Some things are worth knowing and some things are easy to measure, rarely do they overlap. Number of commits mentioning bugs may not be either, but given how little hard data there is out there I applaud any effort.
Someday I hope a researcher convinces a few companies to open up their JIRA histories and is able to really study project completion/success/user reports of bugs.
> Number of commits mentioning bugs may not be either, but given how little hard data there is out there I applaud any effort.
I disagree. The original papers were widely cited and contained such serious flaws that they were actively harmful. Assuming a commit message messaging an “infix operator” is a fix for a bug is just grossly negligent.
tl;dr: Statistical analyses of Github are still a dumpster fire of flawed metrics. Regex matching of commit messages substitutes for bug counts, regex matching of source files substitutes for language identification. It is garbage-in, garbage-out, with no defensible conclusions.
These studies are bs because they capture corellations and confuse them with causations.
Good studies need controlled laboratory conditions to remove external variables.
For example, maybe FP projects are written by coders who have more years of experience on average. So in that case it's not about the language paradigm, any facts derived from the study would actually be about the individuals who write in that language. And it's not surprising at all that more experienced individuals write fewer bugs. This is just one factor that may be ignored; there are probably hundreds that can cause significant distortions in the results.

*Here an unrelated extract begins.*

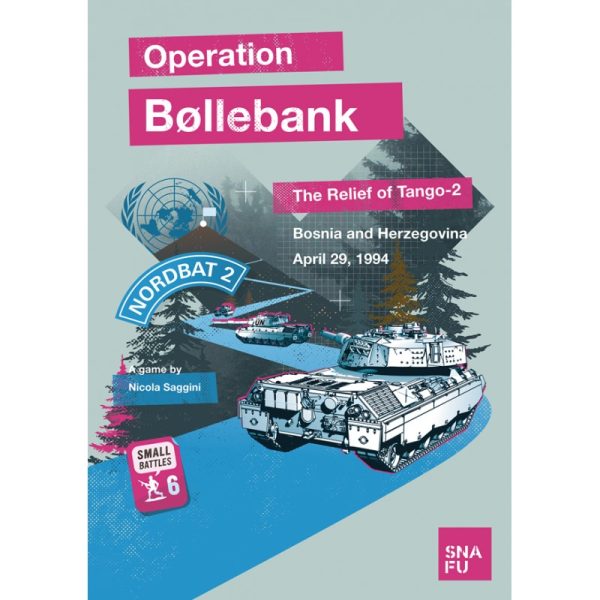 OPERATION BOLLEBANK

It would be like saying that Norwegian is a highly effective language because they have a very high GDP per capita. This completely ignores the more significant fact that the country has vast amounts of offshore oil to capitalize on.
We should not let the perfect be the enemy of the good.

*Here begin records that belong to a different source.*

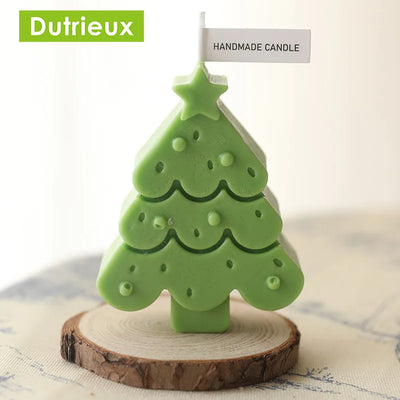 New Christmas Aromatherapy Candles Aromatherapy Candle Accessories Christmas Gifts Candles Birthday Candles Home Decor Garden 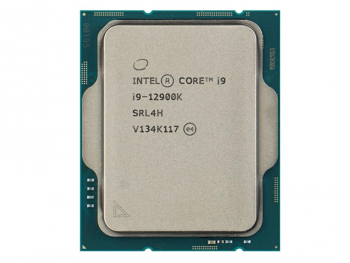 CPU Intel Core i9-12900K 3.2-5.2GHz (8P+8E/24T, 30MB,S1700,10nm, Integ. UHD Graphics 770, 125W) Rtl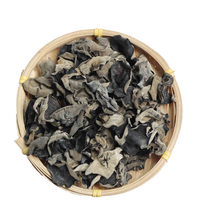 Yumart AD Premium, Champignons Noirs en Forme de Nuage Séchés et Champignons Comestibles, Emballage en Vrac avec Certification ISO HACCP BRC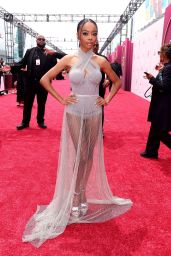 Skai Jackson BET Awards 2025 Red Carpet Look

The problem is that we do not currently know how to carry out studies on the efficacy of programming language paradigms under "controlled laboratory conditions". It's known to be hard. Feel free to change this and become famous! The studies discussed in the article are but first steps towards:
- a better empirical grounding of programming language & software engineering research;
- more emphasis on reproducibility in science.
I'm glad that Vitek, Berger et al are starting serious empirical PL/SE research, and care about reproducibility! Bravo!
A study that captures a correlation instead of causation directly is not completely useless. It seems wise to try to draw some conclusions from the massive corpus of OSS software that is available given that it's hard to imagine any researcher will ever get the budget to do even one controlled test on a meaningfully sized software project.
Anyway, it's not hard to imagine an improved version of the study that knows about the years of experience of each contributor (even if that necessitates reducing the size of the dataset a bit) and controls for it. I suppose that would be the "empirical software engineering" equivalent of econometrics.